19 February 2008

What Is Your "Food Print"?

Following on the heels of a new study by Cornell University researchers, a new buzz word has emerged in the English language ... "food print."

A "food print" is measured by calculating the amount of land that it takes to produce the food that you eat.

In the Cornell study, researchers discovered that a low-fat vegetarian diet needed the least amount of land. This diet only used 0.5 acres per person whereas a diet high in meats and fats used over two acres per person. Yet, these same researchers argued that the most "efficient" diet was one that incorporated small amounts of meat and dairy as these diets used low quality pasture lands more productively. A diet with a little meat and dairy, approximately 63 grams per day, would only require 0.6 acres of land per person.

Now, perhaps that doesn't seem like a big difference to you, but, taking the state of New York as an example, the switch to a low-fat vegetarian diet by all New Yorkers would allow the state's agriculture to support 50% more of the population. Additionally, this would mean that 32% of New York's food needs could be met with harvests produced within the state, as opposed to the current amount of 22%.

Jennifer Wilkins, one of the co-authors of the Cornell study, stated their conclusion quite succinctly, "The key to conserving land and other resources with our diets is to limit the amount of meat we eat and for farmers to rely more on grazing and forages to feed their livestock."

Yet, a true conservation ethic includes more than just tabulating how much land is needed to produce your food. It is also crucial to understand how your food was grown, where it was grown, and how it was processed, packaged and transported. Wilkins emphasized this point, "Consumers need to be aware that foods differ not only in their nutrient content but in the amount of resources required to produce, process, package and transport them."

So, a true "food print" should consider the total impact that your diet has on the environment. This total impact would not only include how much land is required to the produce the food, but also how many petrochemical fertilizers, pesticides, and herbicides may have been applied, how much energy was required to raise those crops and create those chemicals, and how much energy was expended in processing, packaging, and transporting the food.

These are only a few of the factors that must be considered in calculating your "food print."

I know that this seems quite overwhelming. In the United States, the majority of our food supply is dependent on industrial agriculture, which creates a tremendously negative impact on the environment and is extremely inefficient in its production. It is difficult to opt out of this system that has taken over our country's food supply thanks to corporate lobbyists and years of misguided agricultural policy.
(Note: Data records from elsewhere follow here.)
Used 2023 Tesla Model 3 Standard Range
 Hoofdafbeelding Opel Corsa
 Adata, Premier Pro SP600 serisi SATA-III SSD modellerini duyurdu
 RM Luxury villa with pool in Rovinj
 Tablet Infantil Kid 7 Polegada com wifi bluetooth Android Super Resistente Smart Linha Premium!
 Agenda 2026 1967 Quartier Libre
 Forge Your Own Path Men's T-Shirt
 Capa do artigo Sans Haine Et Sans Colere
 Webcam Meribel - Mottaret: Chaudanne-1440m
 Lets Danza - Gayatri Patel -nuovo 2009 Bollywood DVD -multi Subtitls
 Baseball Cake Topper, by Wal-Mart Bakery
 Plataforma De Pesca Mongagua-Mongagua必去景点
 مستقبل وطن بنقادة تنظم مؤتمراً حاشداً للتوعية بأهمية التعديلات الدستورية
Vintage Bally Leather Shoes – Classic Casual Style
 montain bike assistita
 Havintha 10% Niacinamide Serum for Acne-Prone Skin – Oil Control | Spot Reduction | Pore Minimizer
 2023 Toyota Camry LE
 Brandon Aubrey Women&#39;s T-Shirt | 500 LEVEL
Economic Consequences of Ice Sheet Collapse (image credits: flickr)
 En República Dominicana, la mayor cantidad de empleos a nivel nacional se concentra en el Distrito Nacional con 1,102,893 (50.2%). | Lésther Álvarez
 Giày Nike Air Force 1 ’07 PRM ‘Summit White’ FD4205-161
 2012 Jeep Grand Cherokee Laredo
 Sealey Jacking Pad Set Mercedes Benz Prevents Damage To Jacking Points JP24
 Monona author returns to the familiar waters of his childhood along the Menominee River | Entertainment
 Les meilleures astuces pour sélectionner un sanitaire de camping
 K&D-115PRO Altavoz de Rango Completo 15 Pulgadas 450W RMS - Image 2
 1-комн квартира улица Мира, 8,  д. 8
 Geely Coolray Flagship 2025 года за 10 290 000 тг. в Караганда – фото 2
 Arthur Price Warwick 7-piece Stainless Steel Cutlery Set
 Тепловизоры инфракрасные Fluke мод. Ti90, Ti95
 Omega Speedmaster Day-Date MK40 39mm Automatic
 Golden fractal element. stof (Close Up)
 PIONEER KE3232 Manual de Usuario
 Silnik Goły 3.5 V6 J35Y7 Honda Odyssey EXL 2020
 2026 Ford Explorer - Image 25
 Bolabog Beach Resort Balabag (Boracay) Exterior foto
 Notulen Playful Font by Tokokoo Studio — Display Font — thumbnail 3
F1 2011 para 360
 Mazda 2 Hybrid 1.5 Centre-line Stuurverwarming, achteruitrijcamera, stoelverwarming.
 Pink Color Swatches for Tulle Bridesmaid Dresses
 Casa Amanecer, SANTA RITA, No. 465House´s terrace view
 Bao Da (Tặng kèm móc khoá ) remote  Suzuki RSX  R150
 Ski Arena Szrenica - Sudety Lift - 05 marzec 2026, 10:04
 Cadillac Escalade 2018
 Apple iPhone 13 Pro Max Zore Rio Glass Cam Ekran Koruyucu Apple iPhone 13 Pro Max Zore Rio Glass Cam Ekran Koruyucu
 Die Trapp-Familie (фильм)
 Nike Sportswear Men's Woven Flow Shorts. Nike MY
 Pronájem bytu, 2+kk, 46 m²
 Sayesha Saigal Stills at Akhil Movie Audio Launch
Yet, I hope that this discussion gets you thinking when you next visit your grocery store or farmer's market. Do not turn off your brain and follow that shopping list blindly. Begin to question your food. Sure, you might get some strange look from folks as you interrogate that apple, "Where did you come from? Chile?," but isn't it important to know more about the items that you are putting into your body? It is your body and it is your right to know.

You can make a great difference not only to your health, but also the health of the planet, if you educate yourself about the food chain, buy local products whenever possible, and really think about what you eat.

The fate of the planet is on your fork!